French President Emmanuel Macron will pay his first visit to Poland on 3 and 4 February. With the two countries not seeing eye to eye on several issues, including the rule of law and climate protection, this is expected to be an interesting meeting. EURACTIV France reports.
The French president will travel to Poland next week to meet his counterpart Andrzej Duda and Prime Minister Mateusz Morawiecki.
“The choice of Poland for its first European trip in 2020 is important to clarify France’s positions on many European issues, to open new areas of cooperation with a major EU partner and to underline the need to protect European democratic values,” Macron explained.

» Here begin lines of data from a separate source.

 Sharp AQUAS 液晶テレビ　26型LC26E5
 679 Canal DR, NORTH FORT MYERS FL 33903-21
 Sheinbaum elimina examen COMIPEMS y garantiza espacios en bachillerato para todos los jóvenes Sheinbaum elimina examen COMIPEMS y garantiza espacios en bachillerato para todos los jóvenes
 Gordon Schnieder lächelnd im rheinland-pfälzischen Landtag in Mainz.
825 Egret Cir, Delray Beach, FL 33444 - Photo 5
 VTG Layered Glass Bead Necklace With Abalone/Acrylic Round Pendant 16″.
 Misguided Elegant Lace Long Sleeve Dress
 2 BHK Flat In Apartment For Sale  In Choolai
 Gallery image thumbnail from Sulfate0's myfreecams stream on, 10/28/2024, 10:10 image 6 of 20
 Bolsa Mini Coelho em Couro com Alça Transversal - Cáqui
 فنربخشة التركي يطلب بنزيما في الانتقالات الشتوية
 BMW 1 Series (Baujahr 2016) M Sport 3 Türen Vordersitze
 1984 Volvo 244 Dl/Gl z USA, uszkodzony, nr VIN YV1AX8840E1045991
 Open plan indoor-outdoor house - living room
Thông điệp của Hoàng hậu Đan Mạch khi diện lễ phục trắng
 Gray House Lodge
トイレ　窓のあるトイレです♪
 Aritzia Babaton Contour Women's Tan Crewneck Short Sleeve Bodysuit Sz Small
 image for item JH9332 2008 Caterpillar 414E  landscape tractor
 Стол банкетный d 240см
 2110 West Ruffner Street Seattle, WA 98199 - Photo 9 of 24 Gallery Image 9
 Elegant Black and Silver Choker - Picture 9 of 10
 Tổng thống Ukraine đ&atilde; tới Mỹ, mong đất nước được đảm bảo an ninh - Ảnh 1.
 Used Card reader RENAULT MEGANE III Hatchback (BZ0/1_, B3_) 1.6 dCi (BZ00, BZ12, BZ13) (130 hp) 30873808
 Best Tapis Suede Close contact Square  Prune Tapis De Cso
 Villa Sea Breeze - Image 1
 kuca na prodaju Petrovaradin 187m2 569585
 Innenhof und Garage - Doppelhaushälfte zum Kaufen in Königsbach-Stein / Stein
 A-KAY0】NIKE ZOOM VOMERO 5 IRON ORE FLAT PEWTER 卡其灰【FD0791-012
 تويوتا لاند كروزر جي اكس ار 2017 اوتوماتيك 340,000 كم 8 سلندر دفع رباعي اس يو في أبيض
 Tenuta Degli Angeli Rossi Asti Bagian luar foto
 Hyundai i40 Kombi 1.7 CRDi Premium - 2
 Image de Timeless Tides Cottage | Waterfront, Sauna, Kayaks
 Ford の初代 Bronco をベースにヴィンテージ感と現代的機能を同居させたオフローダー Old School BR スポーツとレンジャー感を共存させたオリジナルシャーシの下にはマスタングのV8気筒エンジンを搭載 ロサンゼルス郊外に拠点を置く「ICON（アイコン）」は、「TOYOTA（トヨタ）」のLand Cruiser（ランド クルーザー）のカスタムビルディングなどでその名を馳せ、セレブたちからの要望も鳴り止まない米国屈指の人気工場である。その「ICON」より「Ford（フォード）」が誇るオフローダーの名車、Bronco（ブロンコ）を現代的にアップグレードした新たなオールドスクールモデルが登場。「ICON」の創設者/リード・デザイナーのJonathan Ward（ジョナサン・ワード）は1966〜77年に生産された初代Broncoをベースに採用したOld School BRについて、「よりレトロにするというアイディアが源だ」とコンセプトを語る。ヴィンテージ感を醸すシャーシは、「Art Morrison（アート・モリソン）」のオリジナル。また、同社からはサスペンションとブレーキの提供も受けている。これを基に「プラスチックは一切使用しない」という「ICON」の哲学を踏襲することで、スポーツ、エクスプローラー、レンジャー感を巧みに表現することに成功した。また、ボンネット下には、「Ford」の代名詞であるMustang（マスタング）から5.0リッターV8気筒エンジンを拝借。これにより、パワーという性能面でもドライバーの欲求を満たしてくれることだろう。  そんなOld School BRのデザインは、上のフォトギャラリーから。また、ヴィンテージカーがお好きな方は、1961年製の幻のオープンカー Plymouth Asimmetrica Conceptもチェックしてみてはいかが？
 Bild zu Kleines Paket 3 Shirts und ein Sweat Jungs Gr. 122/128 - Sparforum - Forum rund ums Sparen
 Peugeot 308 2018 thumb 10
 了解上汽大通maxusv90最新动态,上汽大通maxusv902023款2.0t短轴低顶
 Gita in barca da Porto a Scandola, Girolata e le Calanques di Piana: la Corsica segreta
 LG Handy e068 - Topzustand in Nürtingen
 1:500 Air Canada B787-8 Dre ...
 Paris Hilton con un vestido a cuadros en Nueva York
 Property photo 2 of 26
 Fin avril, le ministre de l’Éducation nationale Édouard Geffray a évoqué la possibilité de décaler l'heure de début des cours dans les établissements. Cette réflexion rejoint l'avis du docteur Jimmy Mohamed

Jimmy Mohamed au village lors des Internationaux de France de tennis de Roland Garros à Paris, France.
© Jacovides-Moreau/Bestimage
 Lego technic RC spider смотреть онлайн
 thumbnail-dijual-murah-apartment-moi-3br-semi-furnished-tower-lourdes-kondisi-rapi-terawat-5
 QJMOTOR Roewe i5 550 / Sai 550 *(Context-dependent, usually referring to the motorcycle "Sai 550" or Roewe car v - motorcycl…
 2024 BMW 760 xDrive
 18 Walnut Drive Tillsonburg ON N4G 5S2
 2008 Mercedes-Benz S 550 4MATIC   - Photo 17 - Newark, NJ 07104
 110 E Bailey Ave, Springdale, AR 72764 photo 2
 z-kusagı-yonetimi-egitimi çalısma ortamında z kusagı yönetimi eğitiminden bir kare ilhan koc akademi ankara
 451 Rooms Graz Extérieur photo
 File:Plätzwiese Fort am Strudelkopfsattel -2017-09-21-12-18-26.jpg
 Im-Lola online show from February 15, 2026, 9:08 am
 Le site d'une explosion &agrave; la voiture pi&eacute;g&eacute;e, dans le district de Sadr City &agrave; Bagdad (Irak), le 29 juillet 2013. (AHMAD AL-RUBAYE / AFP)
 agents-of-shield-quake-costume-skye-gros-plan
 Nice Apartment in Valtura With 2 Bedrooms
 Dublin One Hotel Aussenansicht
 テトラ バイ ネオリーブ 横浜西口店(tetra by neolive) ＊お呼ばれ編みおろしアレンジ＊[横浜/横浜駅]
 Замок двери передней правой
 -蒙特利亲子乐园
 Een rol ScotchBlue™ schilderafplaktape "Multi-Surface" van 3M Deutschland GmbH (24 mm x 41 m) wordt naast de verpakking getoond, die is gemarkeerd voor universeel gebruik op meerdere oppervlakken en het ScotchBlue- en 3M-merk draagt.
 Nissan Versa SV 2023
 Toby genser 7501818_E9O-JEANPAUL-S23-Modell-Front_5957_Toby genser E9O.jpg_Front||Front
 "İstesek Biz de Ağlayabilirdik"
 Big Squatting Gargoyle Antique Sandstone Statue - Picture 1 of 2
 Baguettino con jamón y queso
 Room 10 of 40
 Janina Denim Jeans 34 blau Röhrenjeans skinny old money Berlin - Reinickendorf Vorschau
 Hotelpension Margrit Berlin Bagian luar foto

Paris has been expressing disagreements with Warsaw since the conservative nationalist Law and Justice Party (PiS) came to power in Poland. Most notably, the French government has criticised PiS for blocking progress at the EU level, particularly regarding the 2050 carbon-neutrality agenda and Poland’s controversial judicial reforms.
But France believes it is important to cooperate more with the EU’s sixth-largest country in terms of population and seventh-largest in terms of GDP.
“Together, France, Germany and Poland will represent almost half of the inhabitants of the European Union after Brexit,” French Foreign Secretary Amélie de Montchalin recently noted at a meeting conducted in the Weimar Triangle format, which brings together the three countries.
Besides, Poland also has converging interests with France when it comes to agriculture. It is also a country that hugely bases its economy on agriculture.
In other words, environmental issues related to pig farms are very close to French problems, as is the subject of Common Agricultural Policy financing, which is to be addressed at an extraordinary European summit on 20 February that will try to work out the EU’s 2021-2027 budget.
On 3 February, the French president will meet Poland’s French community and will dine with Polish intellectuals and cultural personalities.
On 4 February, he will travel to Krakow for a visit to the historic Wawel Castle. He will give a speech at the Jagiellonian University on “Franco-Polish relations and the need for a common European commitment”, according to the French government.
Macron intends to visit all 27 EU member states before the end of his five-year term, and Poland will be the 21st member state he visits.